More childcare subsidies should be given to low-income families, regardless of the parents' employment status, said several MPs in Parliament yesterday.
Currently, childcare subsidies for qualifying families are based on the parents' employment status and household income, with working mothers given more, but this system penalises parents who do not have employment, said Mr Louis Ng (Nee Soon GRC).
Mr Ng was one of six MPs who spoke on childcare and early childhood education matters during yesterday's debate on the Ministry of Social and Family Development's budget plans.
Altogether, 19 MPs took part in the debate, in which issues related to disability also featured prominently, with three MPs raising questions in relation to the community of people with disabilities.
All non-working mothers whose children are in infant care or childcare now receive a basic childcare fee subsidy of $150, which they can use to pay fees at childcare centres.
In contrast, working mothers enjoy a higher childcare subsidy of at least $300, and may receive additional subsidies of up to $440.
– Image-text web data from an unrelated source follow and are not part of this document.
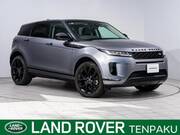 2020 LAND ROVER RANGE ROVER EVOQUE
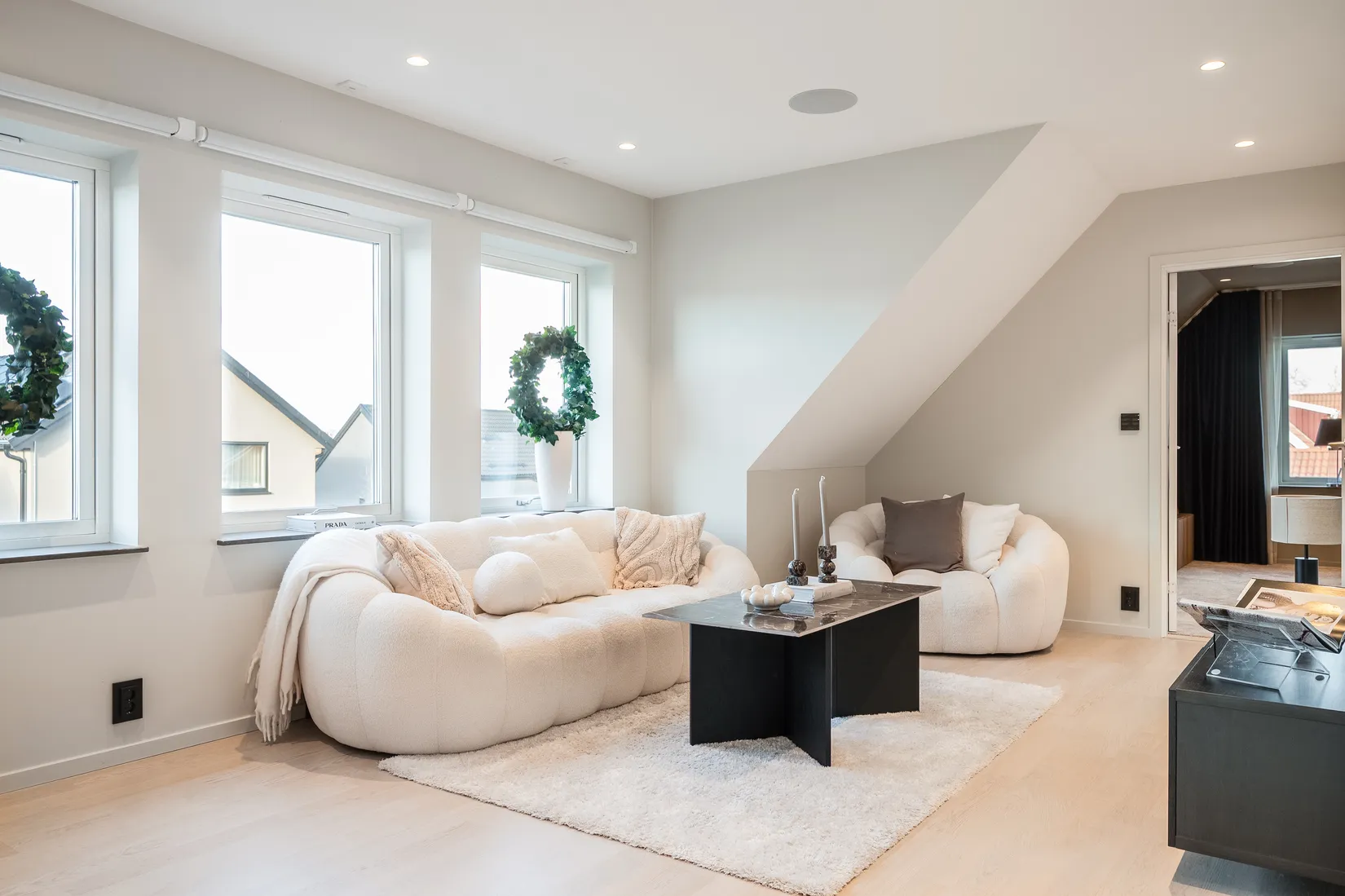 Villa, Astrakangatan 9, Vellinge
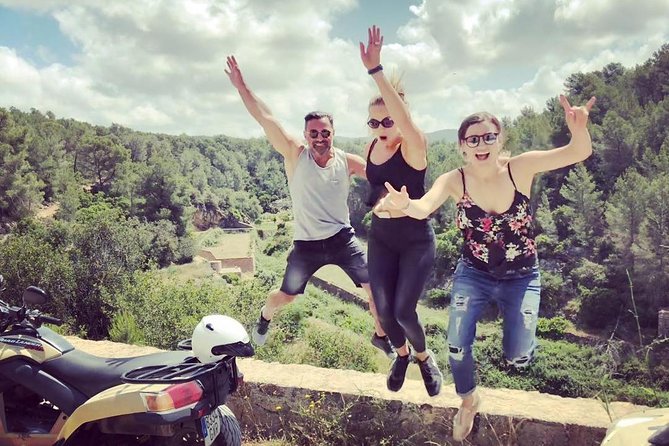 Ibiza: Quad Excursion - Safety and Instruction: What Actually Helps on Day One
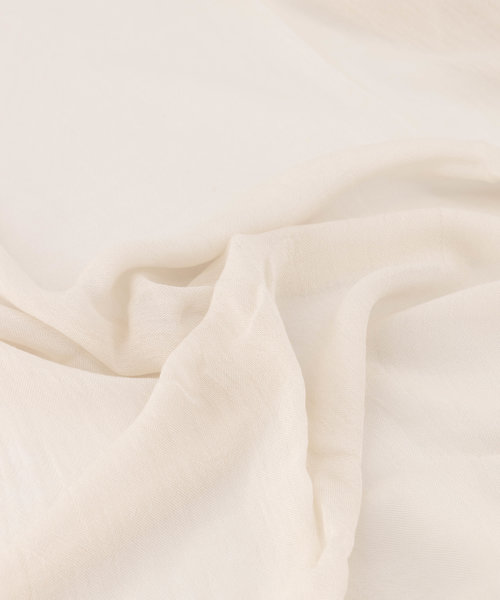 Bora -  - Plain scarves - Beige -  -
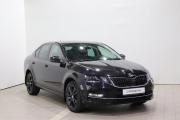 Skoda Octavia III (A7) Рестайлинг Иркутск  - изображение 23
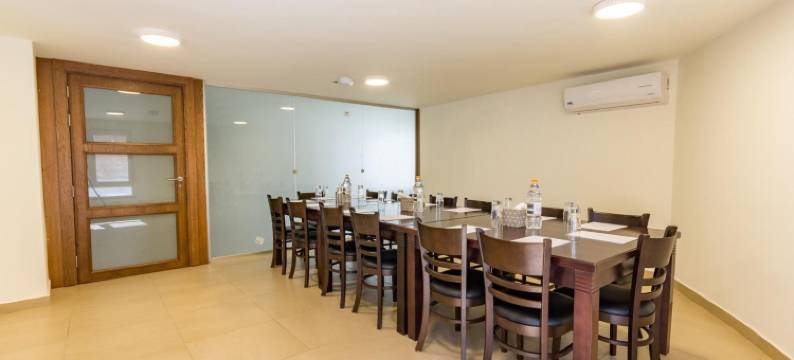 第七颗星酒店套房(The Seventh Star Hotel Suites)图片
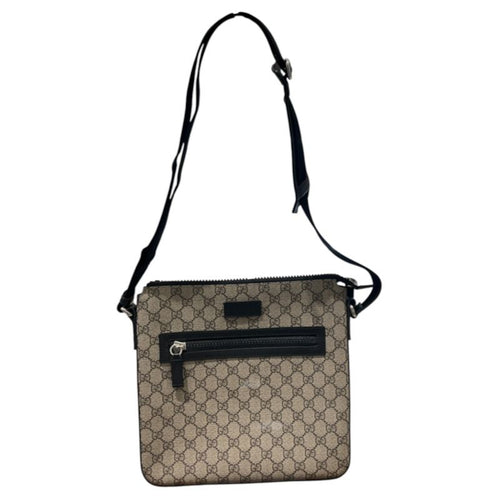 gucci beige shoulder bag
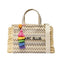 Buby S. Claire M Borsa a mano Multicolored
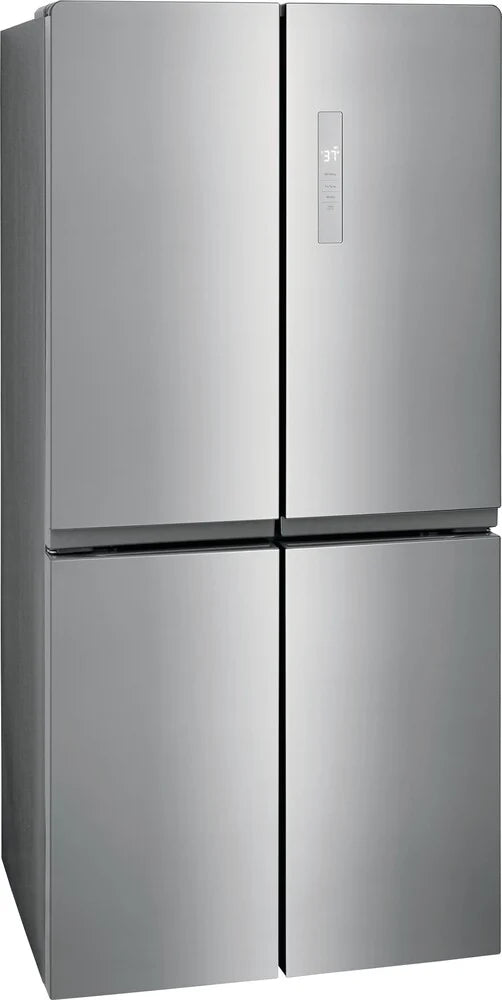 Frigidaire 17 Cu. Ft. Counter-Depth 4-Door Refrigerator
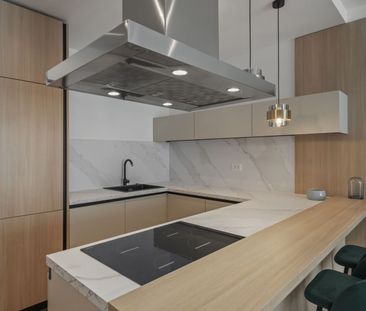 Apartament 2 camere I Parcare inclusa I Cotroceni - Fotografie 6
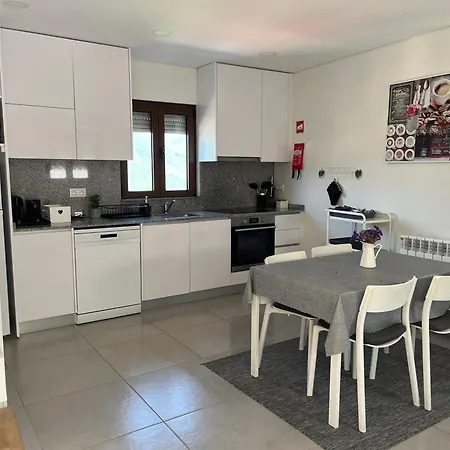 Casa Da Laija - Vistas Rio - 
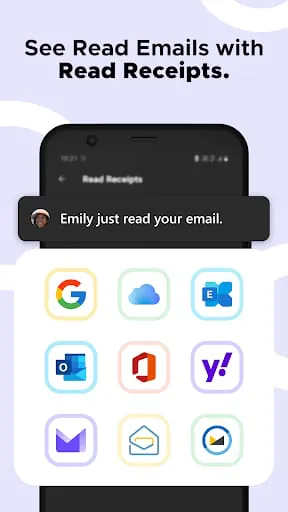 Canary Mail - AI Email App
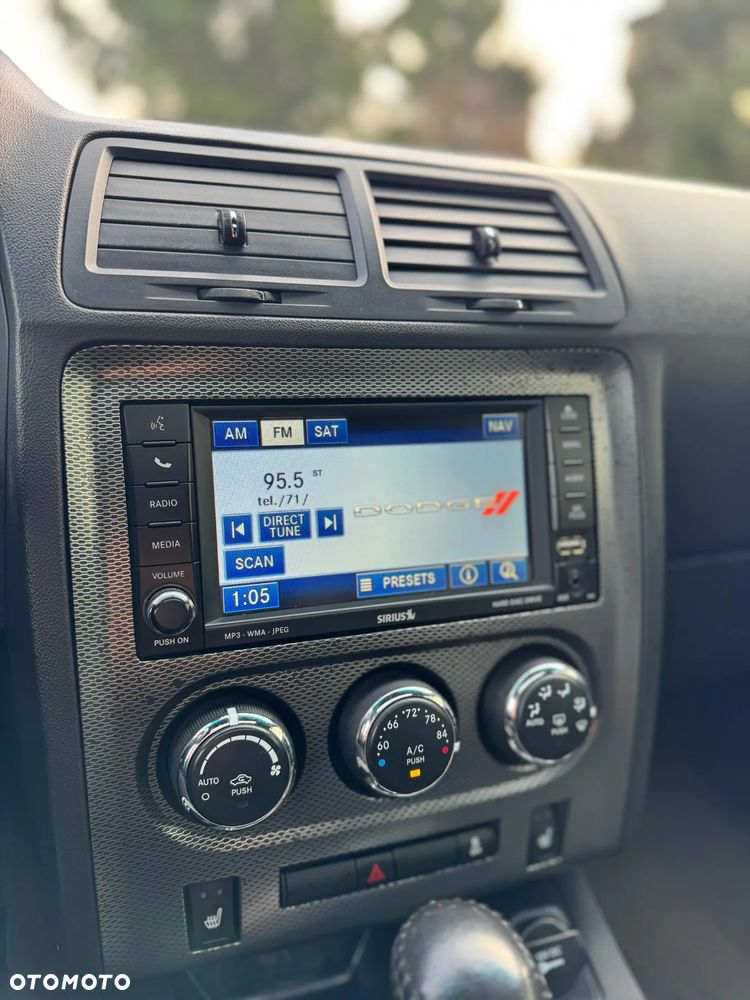 Dodge Challenger 5.7 R/T - 19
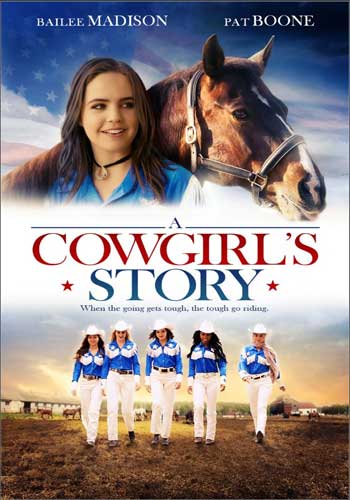   - A Cowgirl's Story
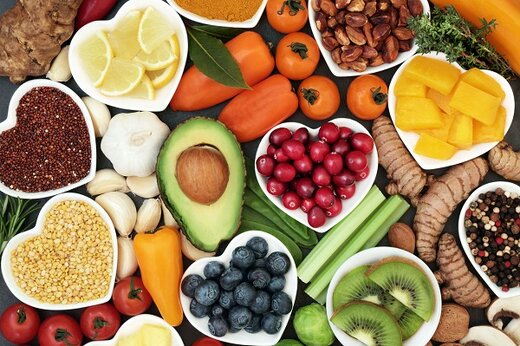 رژیم غذایی آسیایی برای بهبود دیابت رژیم غذایی آسیایی برای بهبود دیابت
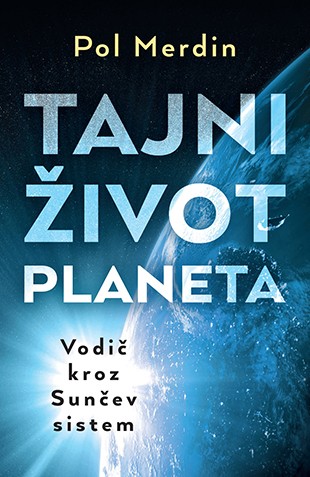 Tajni život planeta Pol Merdin Publicistika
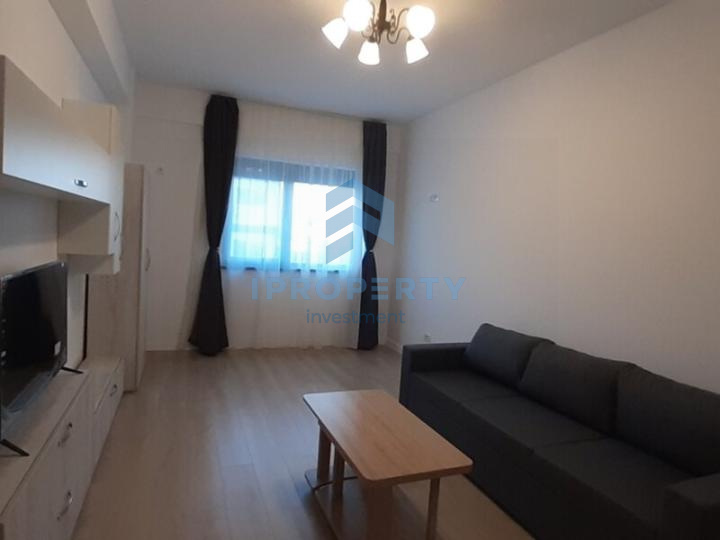 Aparatorii Patriei | 2 camere | Parcare | Centrala | Incalzire Pardoseala | 2023 - fotografie proprietate 1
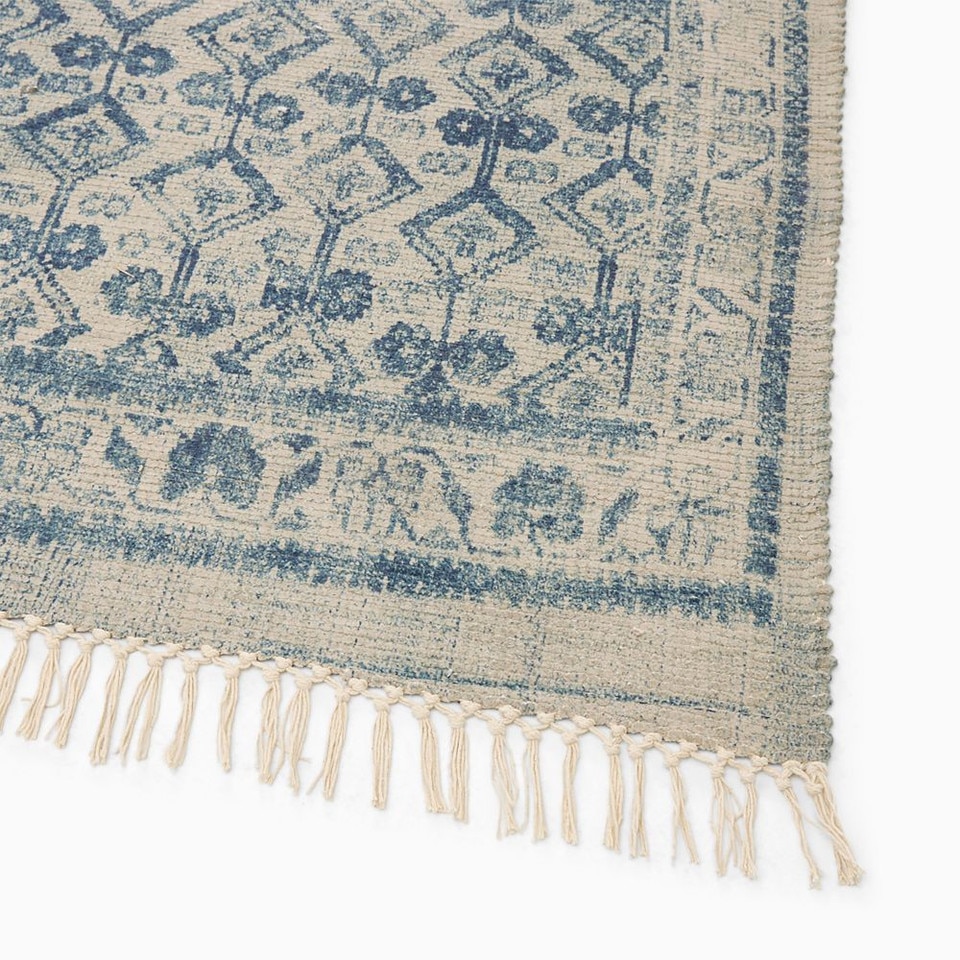 Gabi Reversible Persian Rug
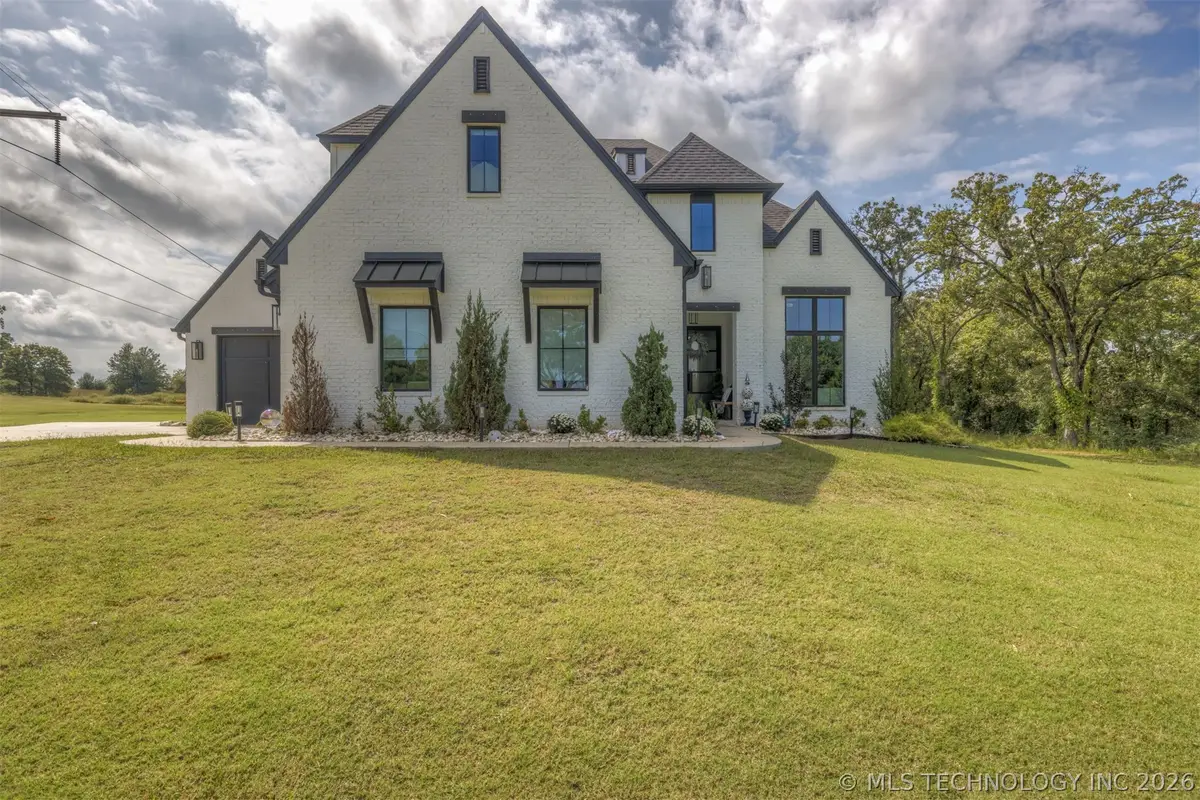 26510 E 61st Street S, Broken Arrow, OK 74014 - #1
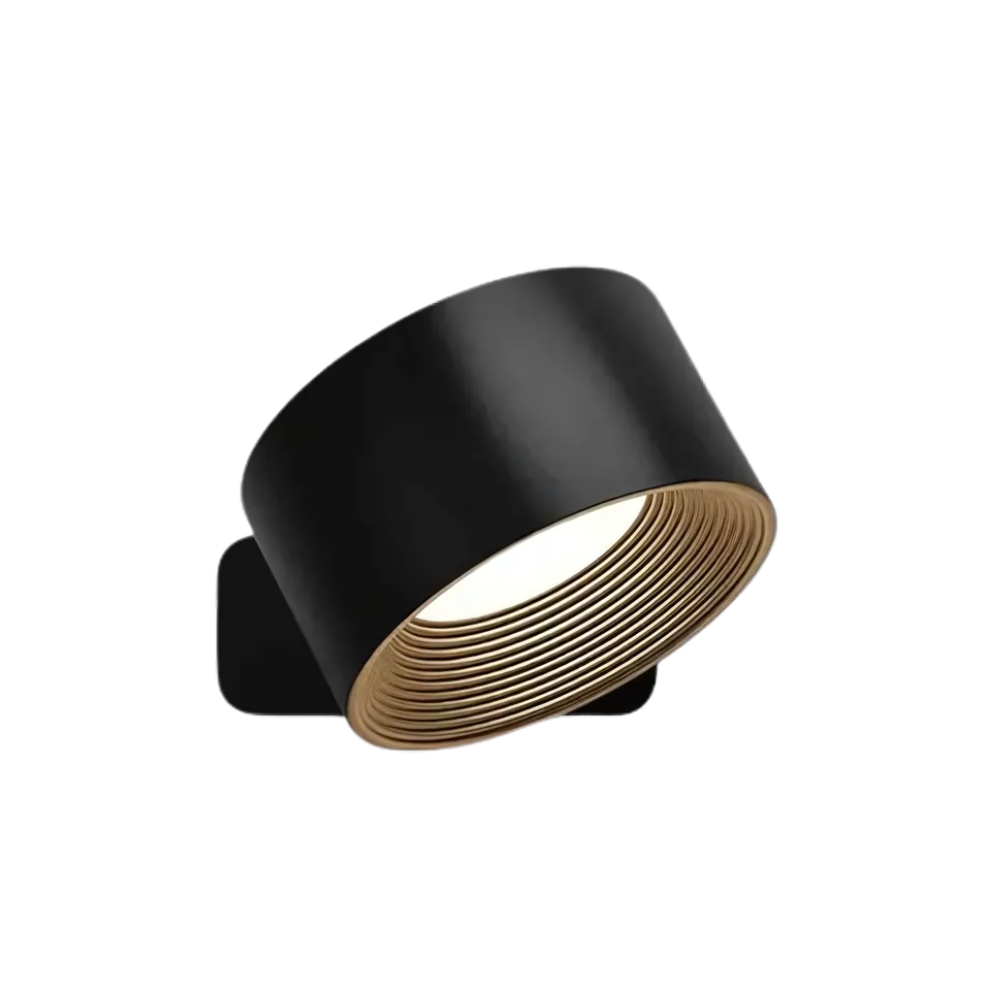 Lampe LED Moderne Avec Bras Flexible - Design Éclairant Économe en Énergie 0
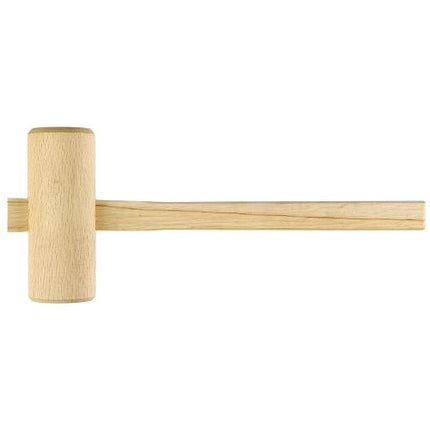 OH Wooden Hammer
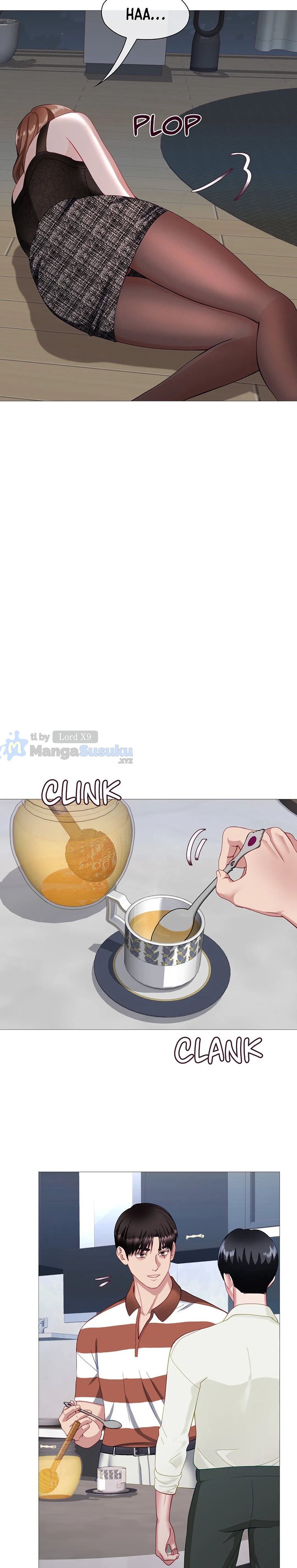 Daddy-in-Law - Chapter 31 17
In his speech, Mr Ng called for subsidies to be given fairly, and suggested the amount should depend solely on a family's household income instead of the mother's employment status. "Our policies should not penalise parents who are not working so that they can be there for their child," he added.
Our policies should not penalise parents who are not working so that they can be there for their child.
MR LOUIS NG (NEE SOON GRC), on why non-working parents should not receive less childcare subsidies than working parents.
Nominated MP Anthea Ong also said childcare support should be given regardless of the mother's employment status, and proposed that free childcare services be offered to all low-income families.
Families often face multiple hurdles in accessing the maximum level of subsidies, such as meeting requirements for work, she said, noting that some parents also might have difficulty providing proof of work because they have ad hoc or informal jobs. "Whether these children from low-income families can access such childcare services should not be dependent on the employment status of their parents," said Ms Ong, who is a social entrepreneur.
Other MPs focused on the special needs community, with Ms Rahayu Mahzam (Jurong GRC) welcoming the ministry's move to provide early intervention services to families of children with developmental needs. Ms Rahayu, whose 23-month-old son has Down syndrome, said it was important to find the best support and curriculum for such children, and asked for clarifications on how the customised early intervention plans would be implemented.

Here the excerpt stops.